El relato del nacimiento es introducido solemnemente en el estilo de la Biblia: “Y sucedió que, mientras ellos (María y José) estaban allí, se le cumplieron los días de alumbramiento y María dio a luz su hijo primogénito” (Lc 2, 6-7)

Jesús está sujeto a la ley de Augusto y a la ley de la naturaleza: es obediente a Dios y a los hombres. El nacimiento se refiere con sobriedad, con sencillez, objetivamente, en pocas palabras: “Dio a luz a su hijo”. María trajo al mundo a su hijo con verdadera maternidad: de Isabel se dijo que “tuvo un hijo” (Lc 1, 57); de María, que “dio a luz a su hijo”.

La concepción virginal resuena en todas partes. Dio a luz a su hijo primogénito. ¿Se dice esto porque fuera Jesús el primero de varios hijos varones? La palabra no exige necesariamente esta interpretación. Una inscripción funeraria del siglo V d.C., hallada en Egipto, da buena prueba de ello. Una joven mujer, difunta, se expresa así: “En los dolores de parto del primogénito, me condujo el destino al término de la vida”.

Lucas elige este título de “primogénito” porque Jesús tenía los deberes y los derechos del primogénito (Lc 2, 23) y porque era el portador de promesas.

María presta a su Hijo los primeros servicios maternos: “Lo envolvió en pañales” (Lc 2, 7). Los niños recién nacidos se envolvían fuertemente en jirones de tela a fin de que no pudieran moverse, porque se creía que así crecerían derechas sus extremidades. “Lo acostó en un pesebre”, como en el que comen los animales. Este detalle de que el Niño recién nacido tuviera como primera cuna un pesebre es explicado por Lucas con estas palabras: “porque no tenían sitio para ellos en el alojamiento”.

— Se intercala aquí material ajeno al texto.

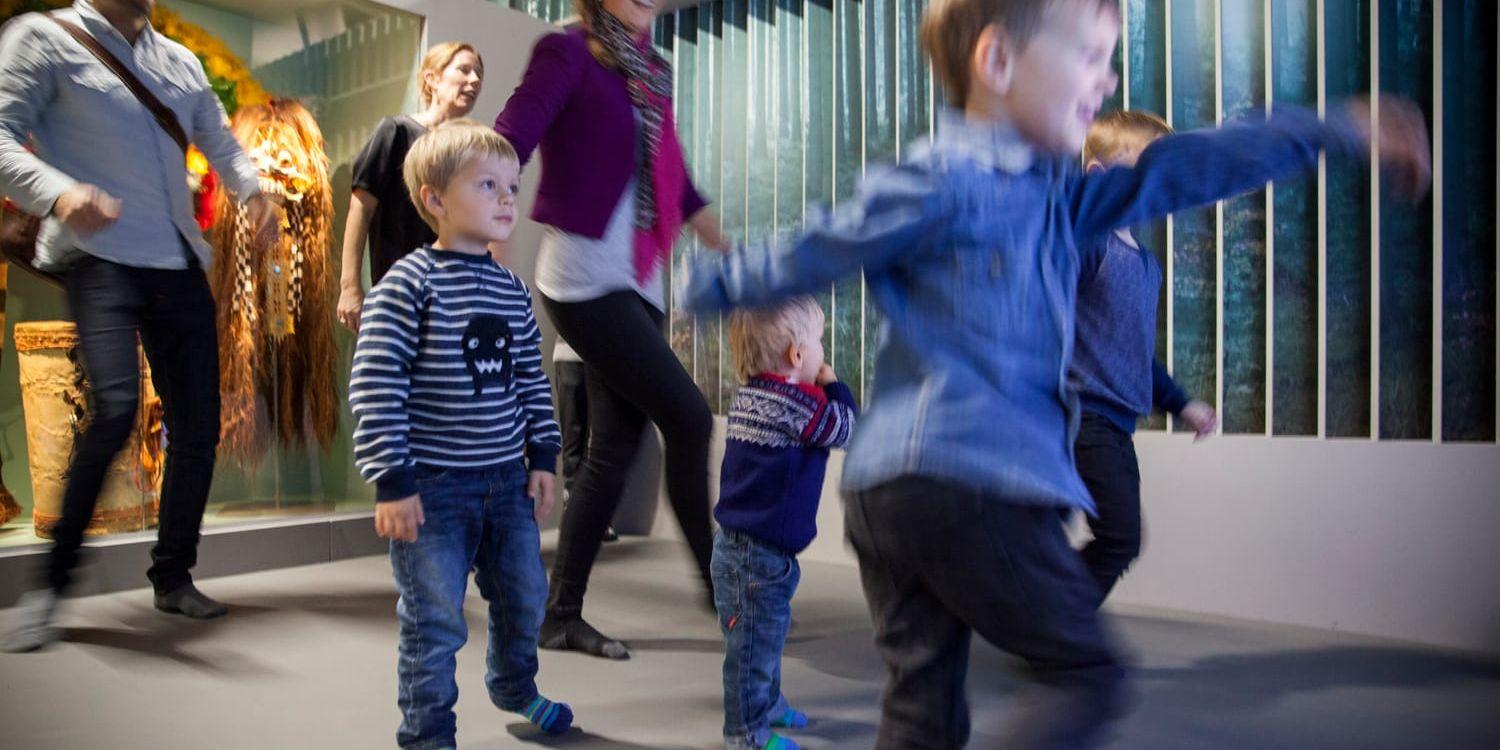 I dansrummet kan barnen pröva på olika danser via en dansjukebox och dansa tillsammans med föremål och andra besökare.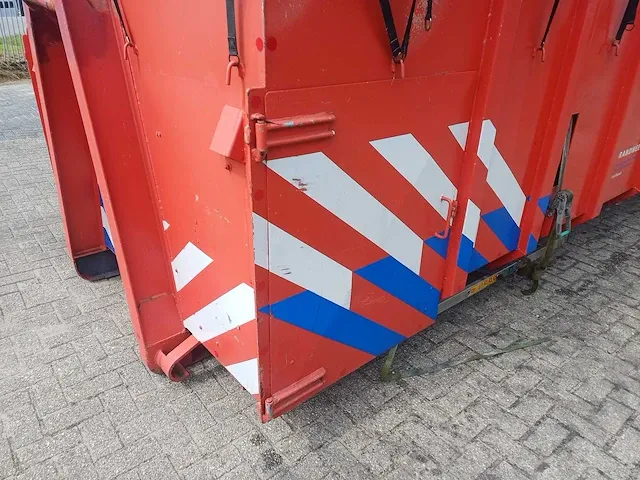 Schenk afzetcontainer met 3km 6" slangen - afbeelding 11 van  25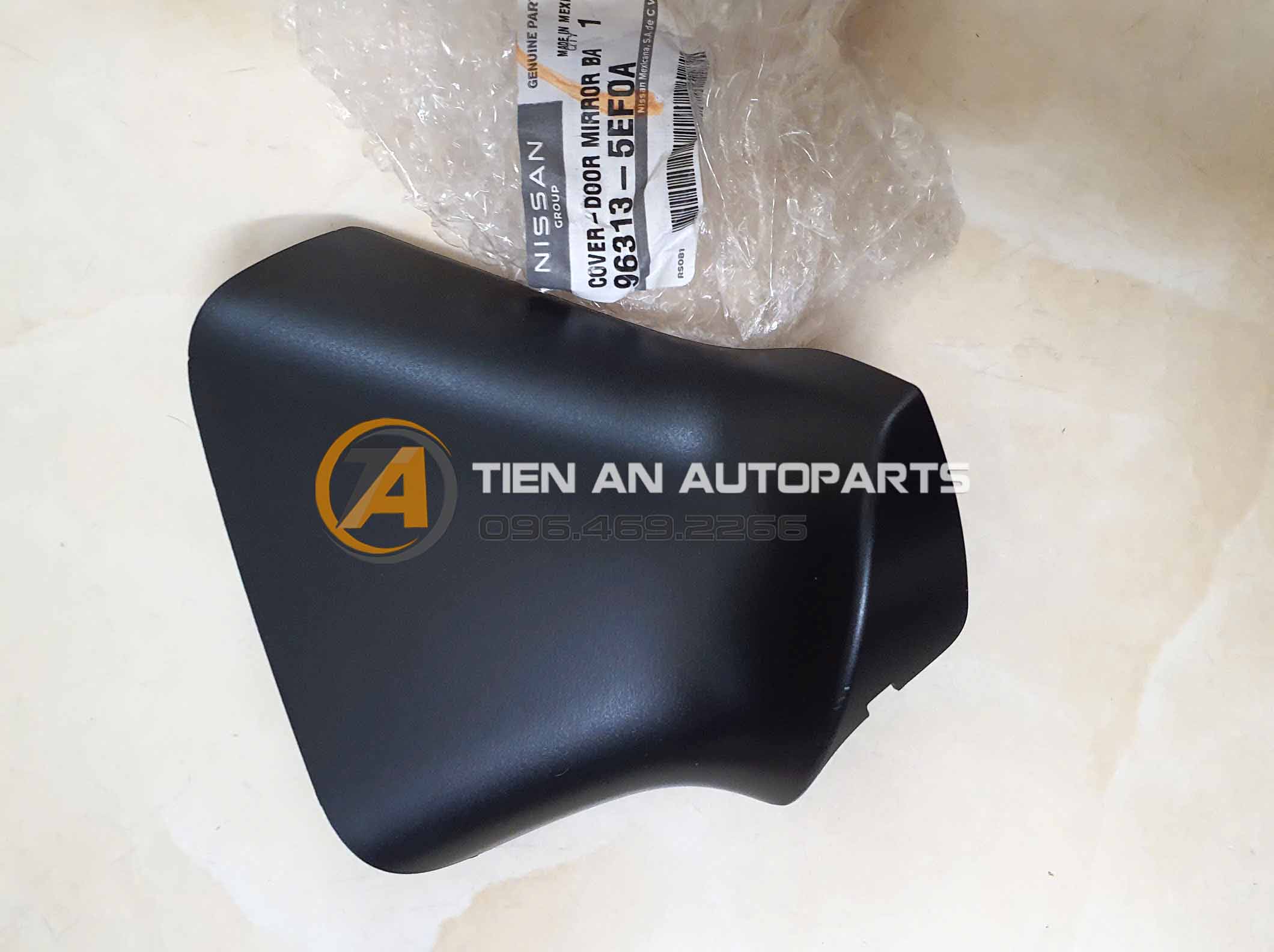 Ốp Chân Gương Nissan Almera – Mã 96313-5EF0A | Phụ Tùng Ô Tô Tiến An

María y José, llegados a Belén, habían buscado alojamiento en un albergue de caravanas. Era este un lugar, por lo general al descubierto, rodeado de una pared con una sola entrada. En el interior a veces había un pórtico o corredor de columnas alrededor, que en algún tramo podía estar cerrado con pared, formando un local grande o varios pequeños. En medio, en el patio, estaban los animales; las personas se cobijaban en el pórtico, estando reservados los espacios cerrados a los que podían permitirse aquel “lujo”. Cuando María sintió que se acercaba su hora, no había allí lugar para ella. Se fue a un sitio utilizado como establo; en efecto, donde había un pesebre, debía haber un establo.

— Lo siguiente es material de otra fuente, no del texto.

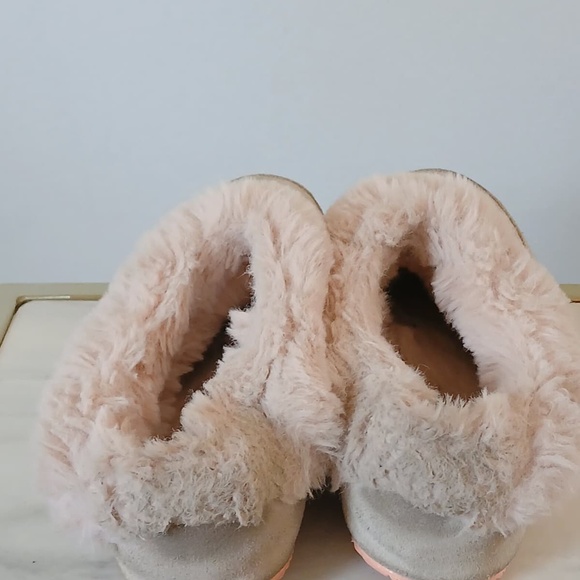 Sorel Beige Suede Boots with Faux Fur Trim Size 10. - Picture 5 of 8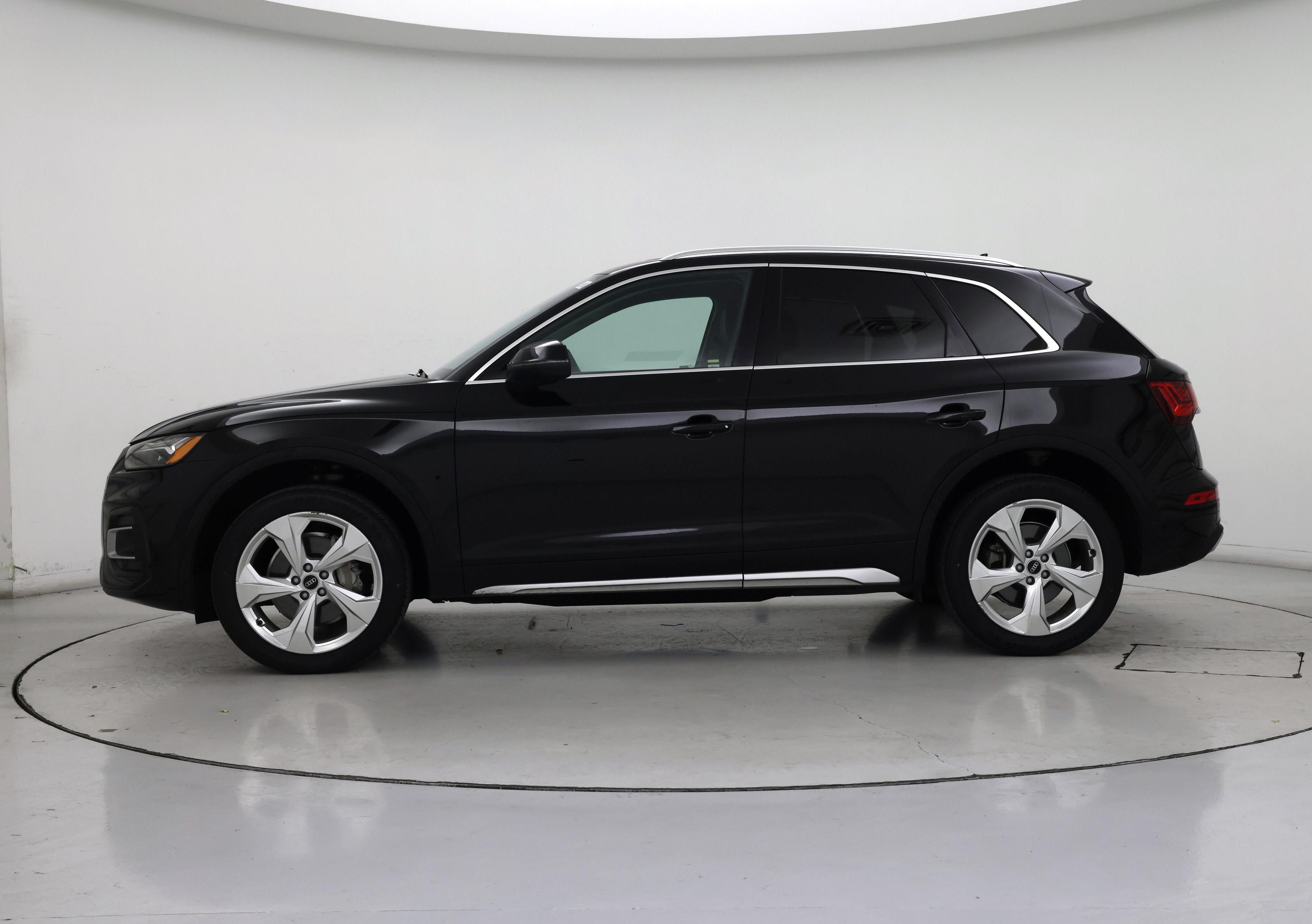 Thumbnail: 2021 Audi Q5 - 3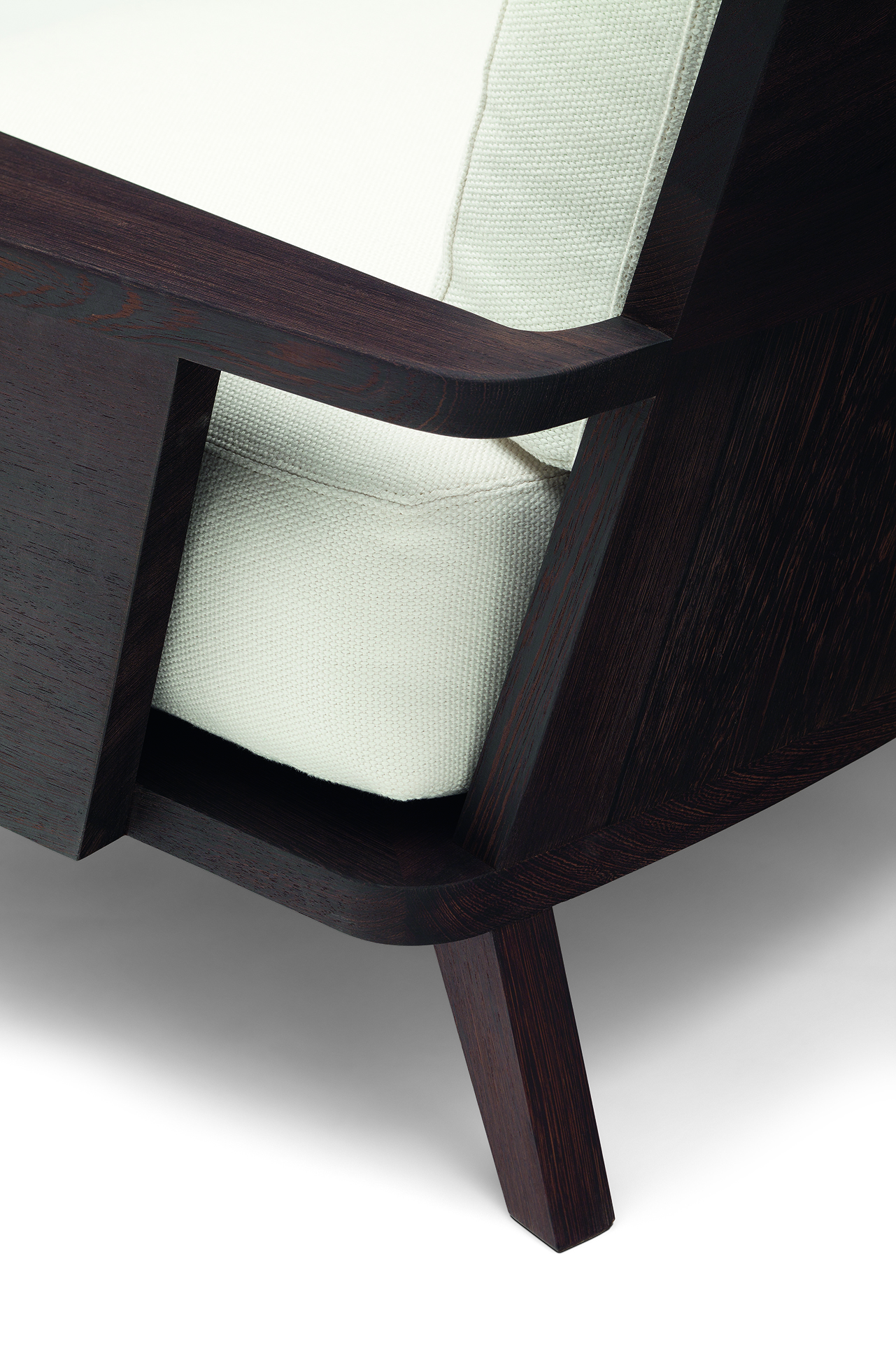 de sousa hughes liaigre ARTIMON armchair detail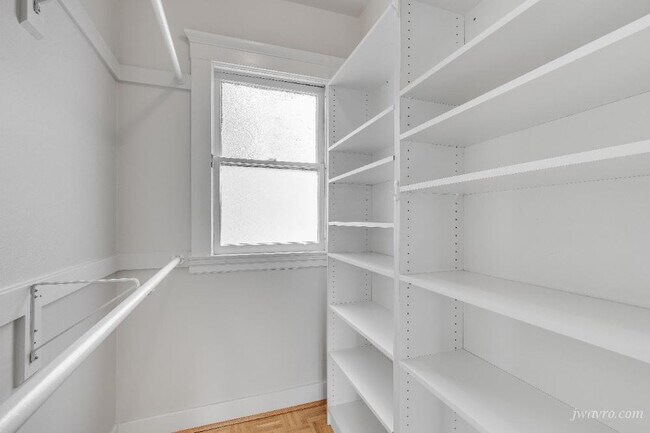 Building Photo - 1353 Filbert St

Así el Señor prometido es un niño pequeño, incapaz de valerse por sí mismo, acostado en un pesebre. Se despojó, se humilló y tomó la forma de esclavo. Como dice san Pablo: “conocéis la gracia de nuestro Señor Jesucristo: cómo por nosotros se hizo pobre, siendo rico, para que vosotros fuerais enriquecidos con su pobreza” (2 Cor 8,9).

3. Ignacio añade (EE 264, 3er punto) que “llégose una multitud del ejército celestial que decía: gloria a Dios en los cielos” (Lc 2, 13-14).

Al mensaje del nacimiento, se añade la alabanza angélica: un responsorio hímnico de una multitud de los ejércitos celestiales. Los ejércitos celestiales son –según la concepción de los antiguos- las estrellas, ordenadas en gran número en el cielo y trazando sus órbitas, pero también los ángeles que las mueven. Los ángeles forman la corte de Dios, que es llamado “Dios Sebaot (de los ejércitos)”.

Al introducir al Primogénito en el mundo, dice Dios: “Adórenle todos los ángeles de Dios” (Heb 1, 6). Los ángeles se interesan vivamente en el acontecimiento salvífico: son “espíritus seguidores (de Dios) con la misión de asistir a los que han de heredar la salvación” (Heb 1, 14).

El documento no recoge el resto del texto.